D. Quali interventi immagina?

R. La nostra intenzione è quella di proseguire su questa strada, perché riteniamo sia l’unica praticabile. È verosimile pensare che, a regime, la percentuale del contributo integrativo da destinare ai montanti contributivi si assesti in media intorno al 50%. Questo perché è inevitabile che l’economia nazionale torni ad avere tassi di crescita, e pertanto i montanti beneficeranno di maggiori tassi di rivalutazione di legge con la variazione positiva del pil.

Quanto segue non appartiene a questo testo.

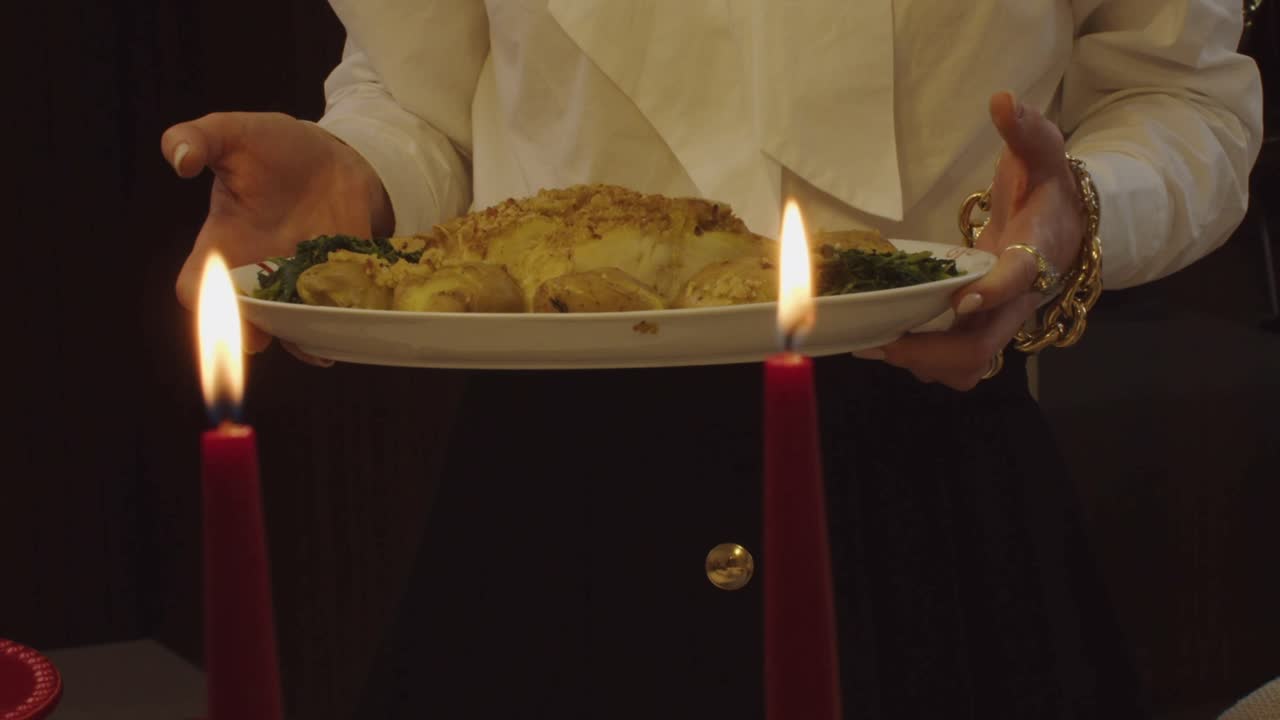woman gracefully serves golden bacalhau codfish in warm candlelit setting, Portugal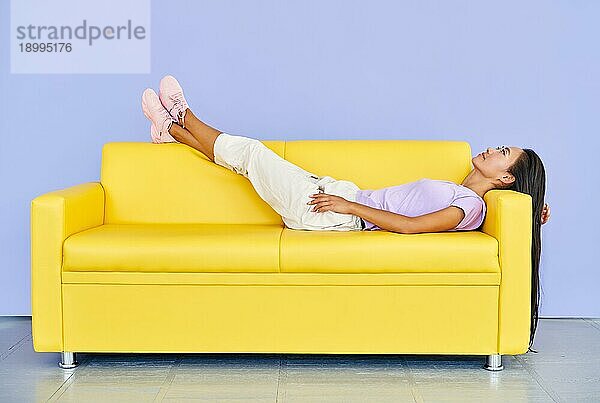 Hübsche asiatische Frau entspannen  nachdem er auf gelben Sofa nach harter Arbeit. Ruhe  Komfort Konzept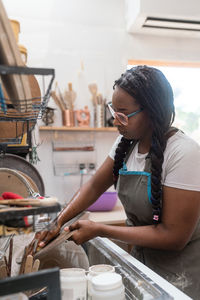 Woman washing her pottery at the ceramics studio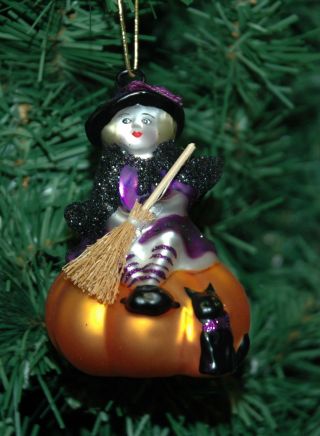 Blown Glass Halloween Witch On A Pumpkin Ornament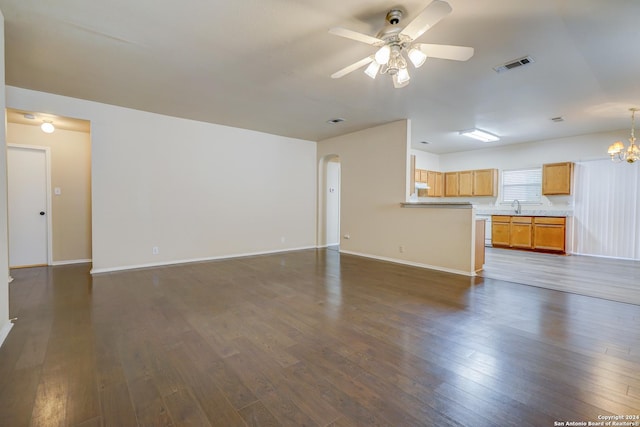 unfurnished living room featuring dark hardwood / wood-style flooring, ceiling fan with notable chandelier, and sink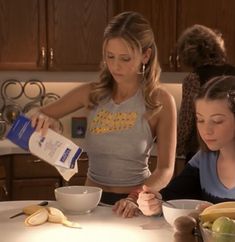 two women are in the kitchen preparing some food and one is pouring something into a bowl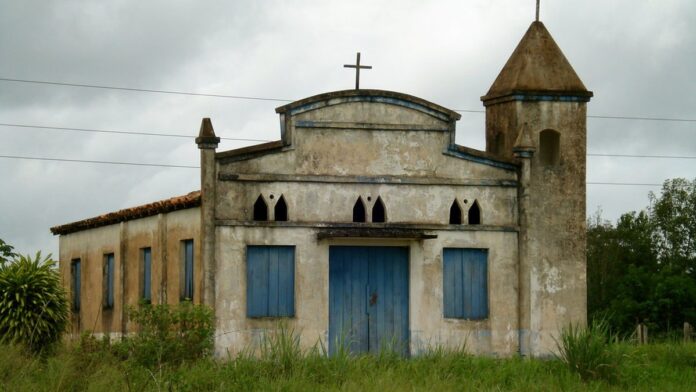 Vários tambores metálicos azuis empilhados em um galpão, contendo mel apreendido pelas autoridades ambientais.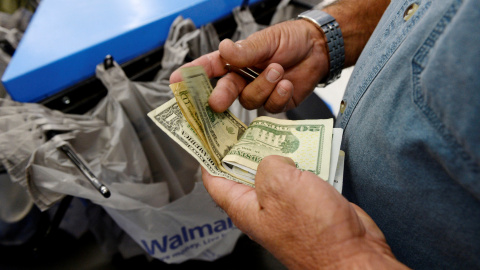 Un cliente cuenta su dinero en la caja de un supermercado de la cadena Walmart en Los Angeles. REUTERS/Kevork Djansezian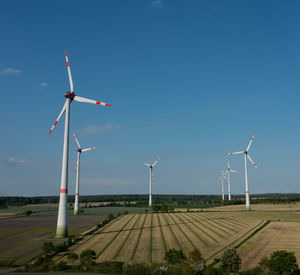 Windmill on field against sky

In questi anni di decrescita o di crescita zero, abbiamo attivato le leve a nostra disposizione: la contribuzione integrativa riversata sui montanti e la maggiore aliquota di rivalutazione. A breve, riproporremo la distribuzione di quota parte dell’integrativo 2016 e la maggiore rivalutazione per gli anni dal 2014 al 2016.